On 7 February 2026, a mass stabbing occurred at a student residence of Bashkir State Medical University in Ufa, Bashkortostan, Russia. A 15-year-old male entered the dormitory and attacked students and responding policemen before being detained by authorities. Seven people were injured, including four students from India and the suspect. A criminal case was opened by Russian law enforcement.

==Attack==
A 15-year-old male entered a dormitory of Bashkir State Medical University. Russian media reported that he was armed with a knife and injured several people inside the facility. At the time of the attack, no security guards were on duty. He reportedly trashed the floor, set off firecrackers and attempted to enter rooms where students had barricaded themselves. SHOT reported that the perpetrator also had brass knuckles and pepper spray.
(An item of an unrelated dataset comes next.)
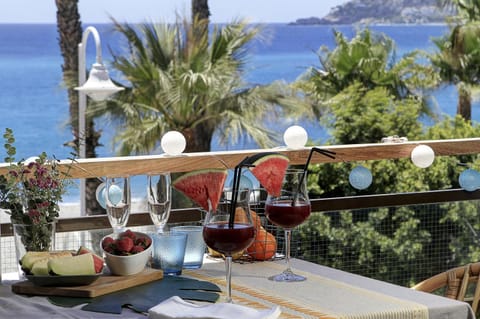 Natural landscape, Balcony/Terrace, Sea view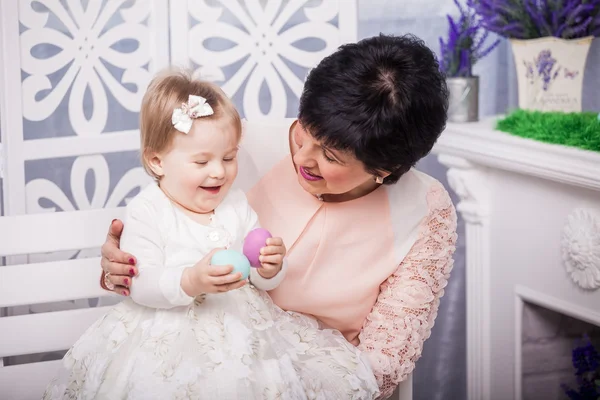 Bambino e nonna con uova di Pasqua — Foto Stock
Videos at the university showed blood on the floor, the windows of doors broken and ambulances transporting the injured to hospitals. Baza reported the attacker was a supporter of the National Socialism / White Power Neo-Nazi extremist group operating in Russia. In 2021, it was designated a terrorist organization by the Supreme Court of Russia. They also reported that the perpetrator drew a swastika on a wall using the blood of a victim. Students reported that he shouted various nationalist slogans about the Holocaust.

==Victims==
During the attempt to detain him, the suspect resisted and two policemen were injured. According to Interfax, at least five victims were hospitalized following the incident. The victims were a 24-year-old stabbed in the abdomen and back, another 24-year-old who suffered a chemical eye burn, a 21-year-old stabbed in the face, a 35-year-old security guard stabbed in the thigh and jaw, a 23-year-old student with multiple stab wounds and hemorrhagic shock and a 17-year-old stabbed in the arm and neck. Two victims were transported to the City Hospital No. 10, while four others were transported to hospitals in moderate condition. Four of the injured victims were identified as Indian students. One victim was discharged later in the day. The suspect harmed himself and was transported to a local children's hospital in serious condition. He was placed in the intensive care unit with injuries to his neck and forearm. The cuts did not cause significant blood loss and he was expected to be released after nine days.

==Suspect==
Russian sources identified the suspect as 15-year-old Alexander S. He was described as a calm and serious student who stayed out of trouble and only talked to a few children in class. He lived with his 51-year-old disabled and deaf mother and 67-year-old grandmother. He did not have a father, and his family is very poor.

==Aftermath==
After the suspect was detained, police secured the surrounding area of the dormitory. Emergency services treated the injured, while investigators interviewed witnesses and examined available surveillance footage. A criminal case has been opened under Part 3 of Article 30, Subparagraph “a” of Part 2 of Article 105 (“Attempted murder of two or more persons”) and Article 317 of the Criminal Code of the Russian Federation (“Encroachment on the life of a law enforcement officer”). A second criminal case was opened a day later under the article "Negligence".